Movida pelo Núcleo de Defesa dos Direitos Humanos (Nudedh) da Defensoria Pública do Rio de Janeiro em junho de 2016, a Ação Civil Pública da Maré resultou de uma mobilização de integrantes das organizações não governamentais Redes da Maré e Luta pela Paz e de associações de moradores locais, que se uniram na luta pelo direito dos moradores da Maré à segurança pública — conforme contei em matéria publicada em julho de 2017.
A 6ª Vara da Fazenda Pública determinou que a Secretaria de Estado de Segurança Pública (Seseg) apresentasse, no prazo de 180 dias, partir do dia 1º de julho de 2017: um plano de redução de riscos e danos para o enfrentamento a violações de direitos humanos decorrentes de intervenções policiais na Maré; garanta a presença obrigatória de ambulâncias durante as operações policiais nas 16 favelas do complexo e a implementação de equipamentos de vídeo, áudio e GPS em todas as viaturas das Polícias Civil e Militar do estado. Além disso, o plano deve exigir que mandados judiciais de prisão e de busca e apreensão sejam cumpridos durante o dia, salvo em caso de flagrante delito, desastre ou para prestar socorro.
O que está em questão, segundo Malanquini, é se os 180 dias são dias corridos, e aí o prazo teria terminado no dia 1º de janeiro deste ano, ou se são 180 dias úteis. Neste caso, a Seseg ainda não terá descumprido o prazo.
A reportagem perguntou à Seseg, por meio de sua assessoria de imprensa, se o prazo era em dias corridos ou úteis. Também perguntou se a elaboração do plano de redução de riscos e danos para o enfrentamento a violações de direitos humanos decorrentes de intervenções policiais na Maré estava em andamento e qual a perspectiva de que ele seja concluído.
O órgão enviou a seguinte nota:
“A Secretaria de Estado de Segurança (Seseg) tem como principais diretrizes a preservação da vida e dignidade humana, o controle dos índices de criminalidade e a atuação qualificada e integrada das polícias. Para tanto, mantém interlocução permanente com os comandos das polícias Militar e Civil orientando-os na busca incessante de medidas que impactem na redução dos indicadores de violência, principalmente o de letalidade violenta.
No dia 15 de agosto de 2017 foi publicada no Diário Oficial a Instrução Normativa da Seseg que estabelece diretrizes para o aprimoramento de ações das Polícias Civil e Militar no que se refere aos protocolos operacionais e procedimentos para operações em áreas sensíveis – localidades com elevado risco de confronto armado com infratores da lei..

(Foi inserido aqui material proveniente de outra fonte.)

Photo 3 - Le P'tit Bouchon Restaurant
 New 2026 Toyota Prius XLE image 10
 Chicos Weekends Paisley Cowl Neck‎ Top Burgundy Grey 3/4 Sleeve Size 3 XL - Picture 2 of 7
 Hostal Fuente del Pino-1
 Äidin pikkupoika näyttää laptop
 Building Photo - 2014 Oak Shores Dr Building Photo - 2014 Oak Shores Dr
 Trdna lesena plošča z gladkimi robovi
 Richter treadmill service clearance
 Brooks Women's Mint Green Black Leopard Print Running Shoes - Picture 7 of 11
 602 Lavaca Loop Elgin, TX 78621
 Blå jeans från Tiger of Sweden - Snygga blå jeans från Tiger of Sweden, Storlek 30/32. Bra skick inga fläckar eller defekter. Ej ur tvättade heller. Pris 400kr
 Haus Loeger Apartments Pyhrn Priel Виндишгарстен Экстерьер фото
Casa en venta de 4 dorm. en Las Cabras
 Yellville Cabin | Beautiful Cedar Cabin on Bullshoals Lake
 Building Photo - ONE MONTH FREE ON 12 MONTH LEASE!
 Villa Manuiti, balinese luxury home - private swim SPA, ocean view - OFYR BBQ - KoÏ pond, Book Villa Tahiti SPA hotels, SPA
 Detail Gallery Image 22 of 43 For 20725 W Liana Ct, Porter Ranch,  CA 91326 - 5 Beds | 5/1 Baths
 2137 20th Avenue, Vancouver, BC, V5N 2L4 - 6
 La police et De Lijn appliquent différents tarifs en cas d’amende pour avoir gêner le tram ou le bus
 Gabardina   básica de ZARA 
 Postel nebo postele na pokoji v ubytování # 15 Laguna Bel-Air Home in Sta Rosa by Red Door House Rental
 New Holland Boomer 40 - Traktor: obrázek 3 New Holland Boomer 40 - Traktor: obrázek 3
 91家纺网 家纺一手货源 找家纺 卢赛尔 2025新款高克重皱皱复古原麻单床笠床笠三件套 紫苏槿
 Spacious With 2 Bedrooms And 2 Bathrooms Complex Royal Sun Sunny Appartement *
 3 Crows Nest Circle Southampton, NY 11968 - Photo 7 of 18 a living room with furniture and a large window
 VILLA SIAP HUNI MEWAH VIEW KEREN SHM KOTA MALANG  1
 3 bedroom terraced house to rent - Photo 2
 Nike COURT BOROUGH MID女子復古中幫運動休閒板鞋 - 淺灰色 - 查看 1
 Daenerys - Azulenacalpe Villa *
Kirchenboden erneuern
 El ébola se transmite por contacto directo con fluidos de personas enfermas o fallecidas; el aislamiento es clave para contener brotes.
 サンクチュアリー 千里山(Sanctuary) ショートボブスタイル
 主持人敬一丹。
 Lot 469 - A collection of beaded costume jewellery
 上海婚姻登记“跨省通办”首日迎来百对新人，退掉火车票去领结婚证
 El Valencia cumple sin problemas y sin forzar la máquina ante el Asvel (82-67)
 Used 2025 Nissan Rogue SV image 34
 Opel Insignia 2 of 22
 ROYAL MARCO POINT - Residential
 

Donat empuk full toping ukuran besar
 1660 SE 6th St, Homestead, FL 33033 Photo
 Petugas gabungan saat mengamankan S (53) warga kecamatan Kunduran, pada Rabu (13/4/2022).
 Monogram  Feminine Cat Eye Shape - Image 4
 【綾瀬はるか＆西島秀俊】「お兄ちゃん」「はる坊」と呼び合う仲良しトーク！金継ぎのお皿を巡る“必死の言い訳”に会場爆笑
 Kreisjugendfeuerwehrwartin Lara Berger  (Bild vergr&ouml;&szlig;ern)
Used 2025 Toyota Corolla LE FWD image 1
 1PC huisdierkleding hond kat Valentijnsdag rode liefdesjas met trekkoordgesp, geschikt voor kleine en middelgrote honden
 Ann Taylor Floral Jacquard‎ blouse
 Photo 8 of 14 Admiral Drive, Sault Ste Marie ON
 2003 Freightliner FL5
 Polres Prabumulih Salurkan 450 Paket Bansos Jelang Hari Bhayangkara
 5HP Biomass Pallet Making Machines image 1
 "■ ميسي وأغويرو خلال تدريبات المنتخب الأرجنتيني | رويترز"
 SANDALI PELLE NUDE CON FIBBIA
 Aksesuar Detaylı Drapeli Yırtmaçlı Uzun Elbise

As diretrizes foram elaboradas por um grupo de trabalho tendo como primeiro princípio a preservação da vida dos moradores dessas áreas e dos policiais. Convidado pelo secretário Roberto Sá, o secretário municipal de Educação, Cesar Benjamim, interagiu com o grupo de trabalho, trazendo informações e sugestões para ajudar a diminuir os confrontos, a vitimização e os dias sem aulas nas escolas. O secretário estadual de Educação, Wagner Victer, também foi convidado. Além de subsecretários da Seseg e de representantes das polícias Civil e Militar, participaram do grupo representantes da sociedade civil e entidades como a Cruz Vermelha.
Além das medidas protetivas, a Instrução Normativa também estabelece que as operações integradas entre as policiais sejam coordenadas a partir do Centro Integrado de Comando e Controle (CICC)”.